**Work to be completed**:
With the pictures excluded, retype the records that follow exactly.

Dataset entries

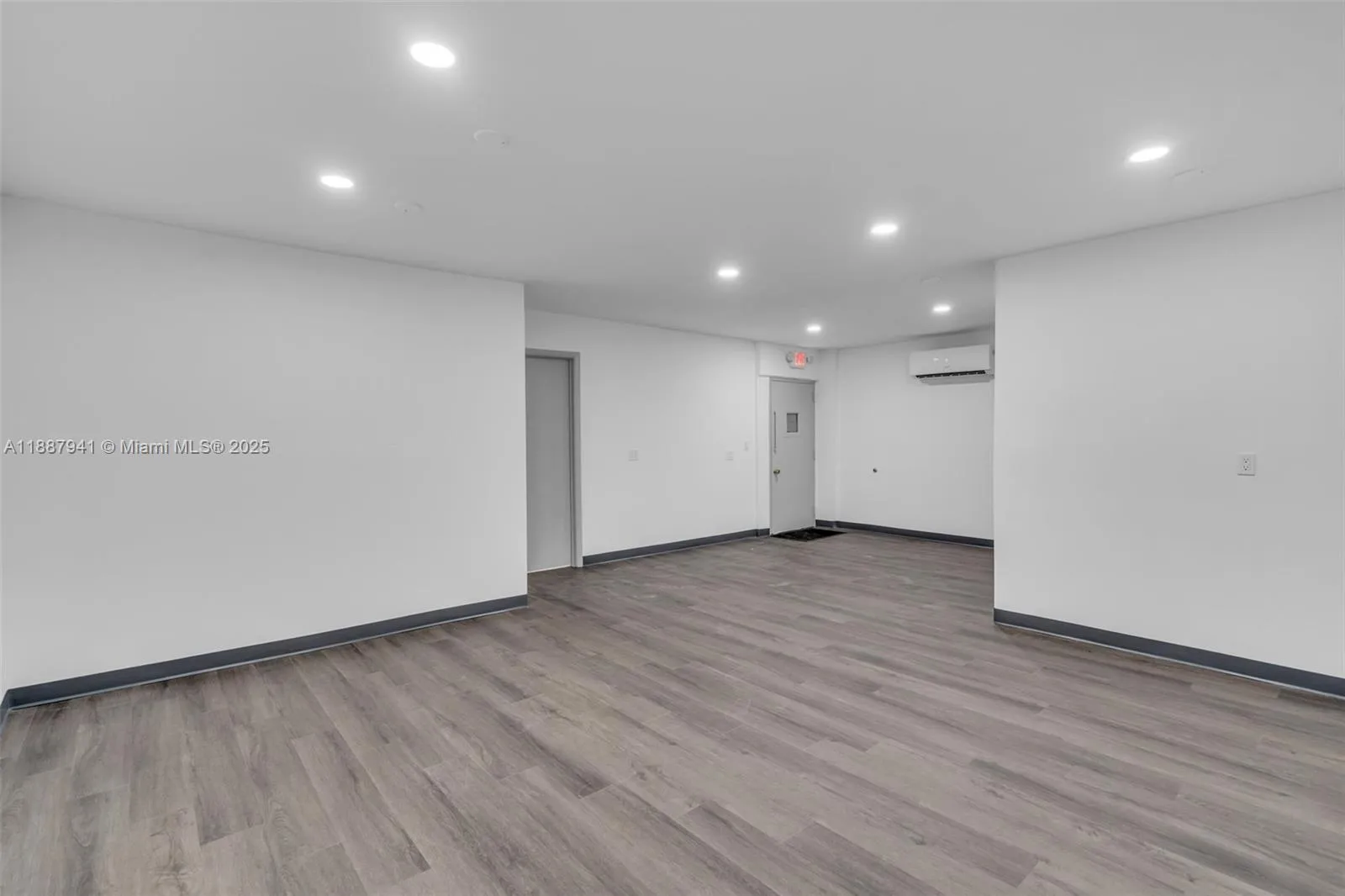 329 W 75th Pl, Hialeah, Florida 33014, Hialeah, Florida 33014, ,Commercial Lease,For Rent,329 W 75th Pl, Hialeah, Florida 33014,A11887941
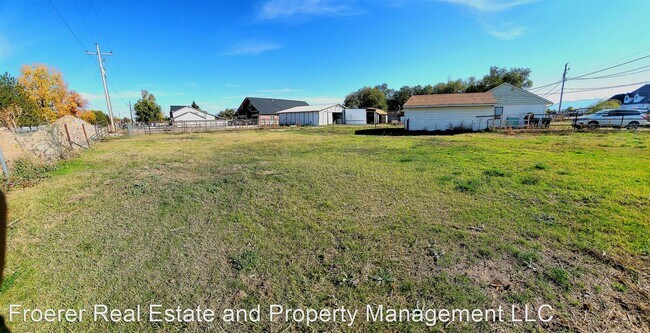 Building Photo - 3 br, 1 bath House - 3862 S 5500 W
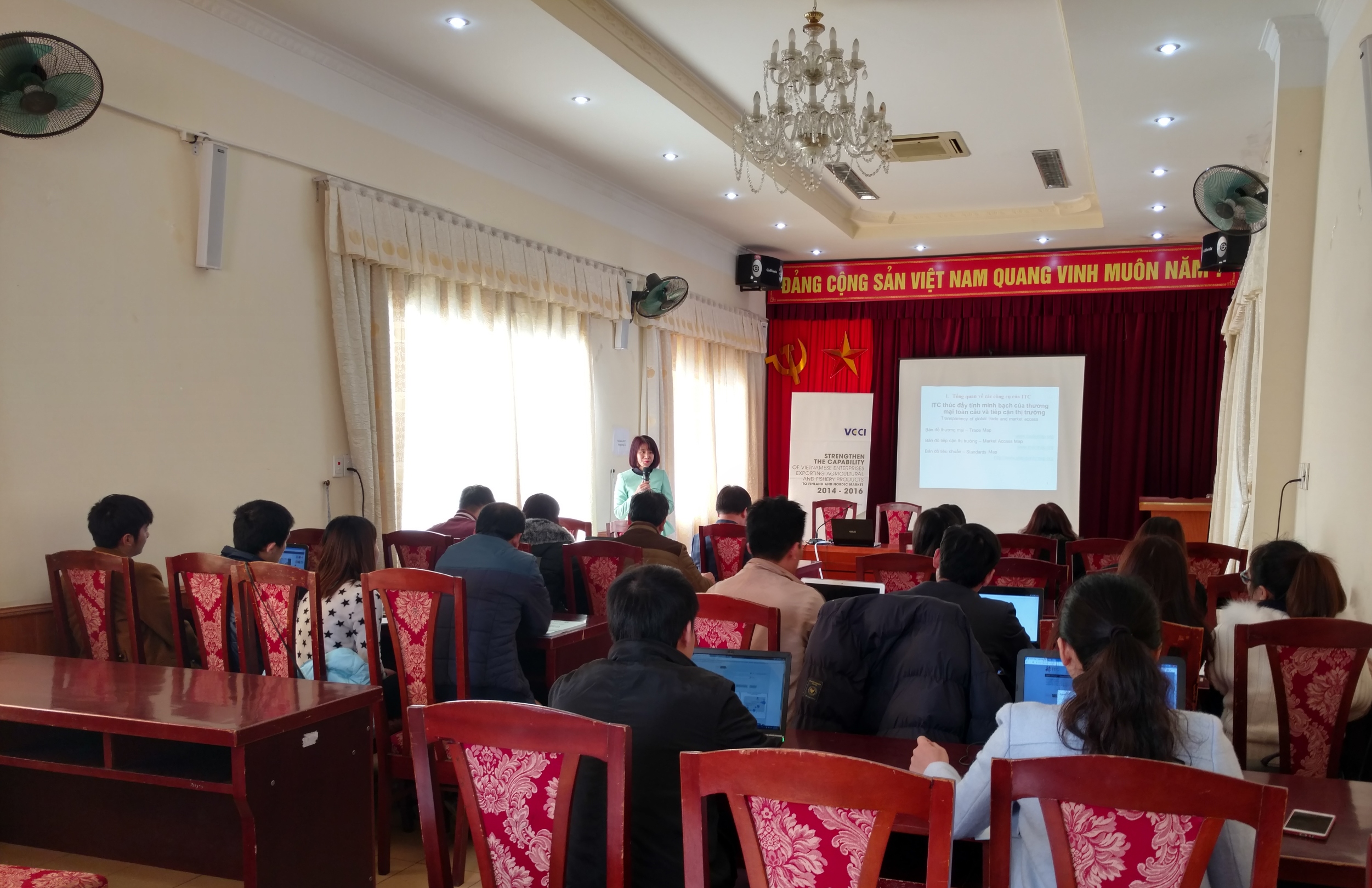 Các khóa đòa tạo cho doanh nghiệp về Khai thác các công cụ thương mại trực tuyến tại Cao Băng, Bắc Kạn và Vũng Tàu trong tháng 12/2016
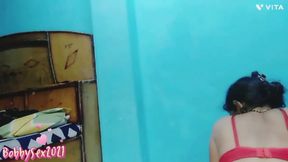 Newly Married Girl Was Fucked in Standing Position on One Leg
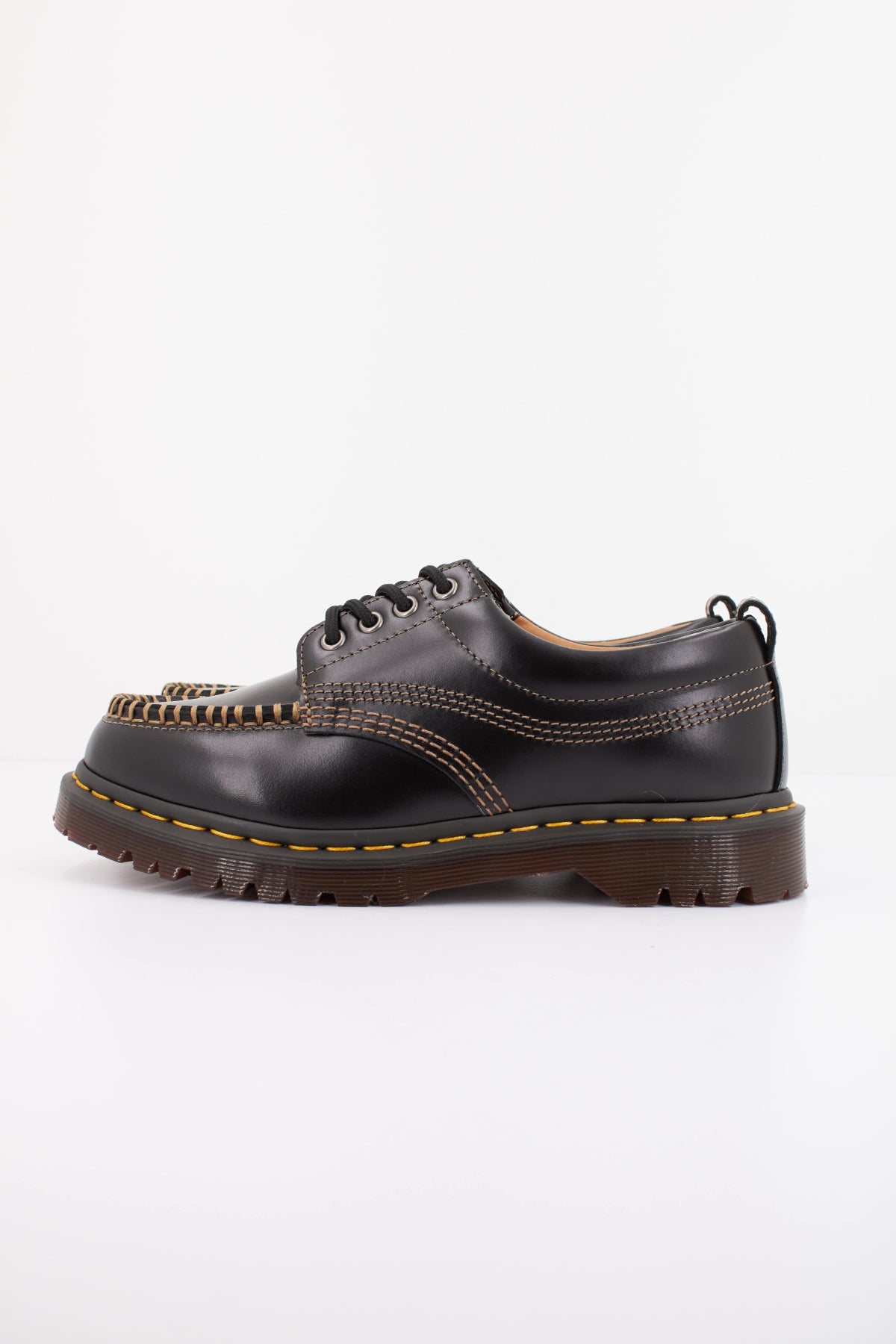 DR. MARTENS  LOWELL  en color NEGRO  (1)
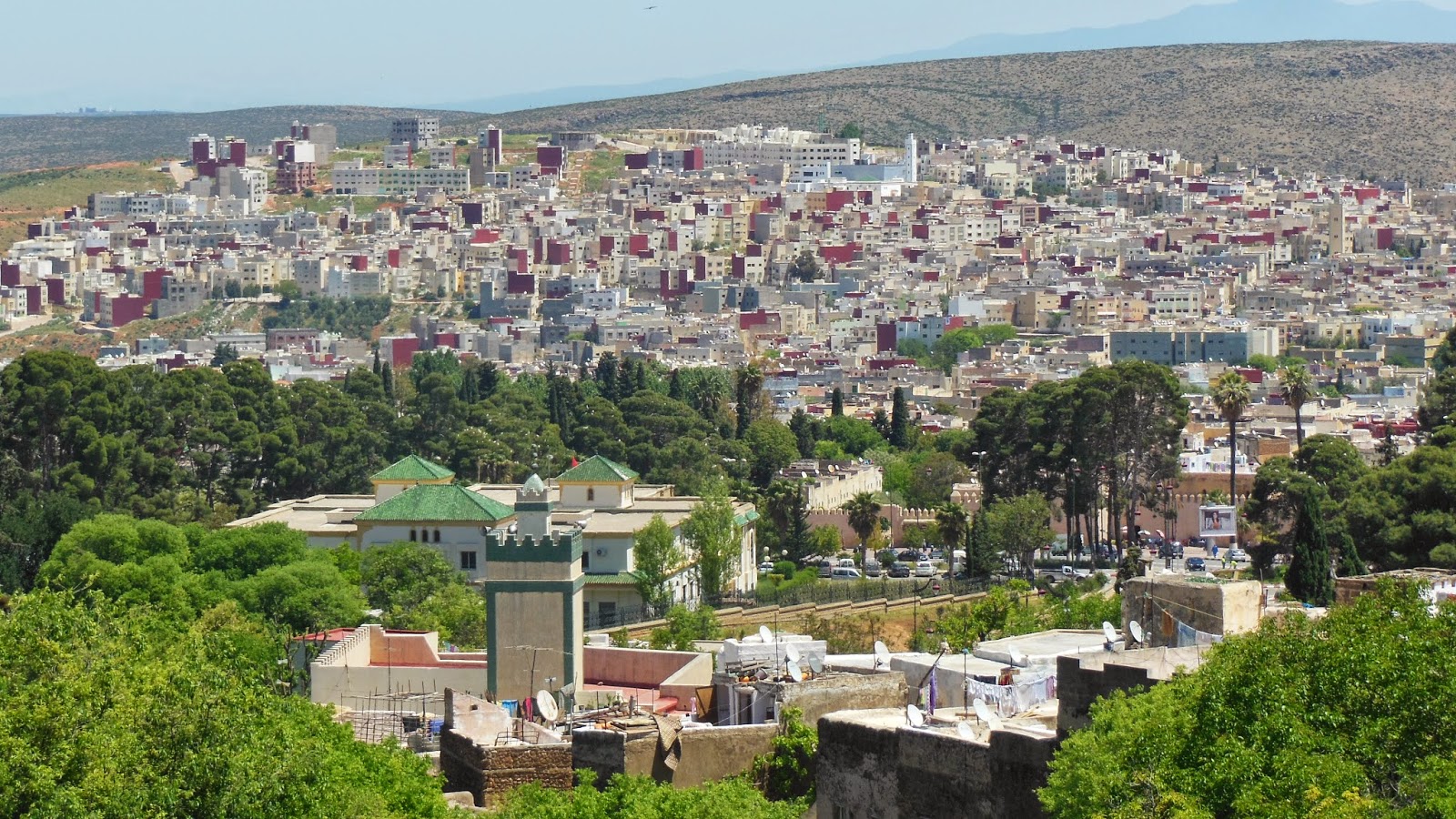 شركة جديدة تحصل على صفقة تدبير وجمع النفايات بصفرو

**Exercise answer**:
 329 W 75th Pl, Hialeah, Florida 33014, Hialeah, Florida 33014, ,Commercial Lease,For Rent,329 W 75th Pl, Hialeah, Florida 33014,A11887941
 Building Photo - 3 br, 1 bath House - 3862 S 5500 W
 Các khóa đòa tạo cho doanh nghiệp về Khai thác các công cụ thương mại trực tuyến tại Cao Băng, Bắc Kạn và Vũng Tàu trong tháng 12/2016
 Newly Married Girl Was Fucked in Standing Position on One Leg
 DR. MARTENS  LOWELL  en color NEGRO  (1)
 شركة جديدة تحصل على صفقة تدبير وجمع النفايات بصفرو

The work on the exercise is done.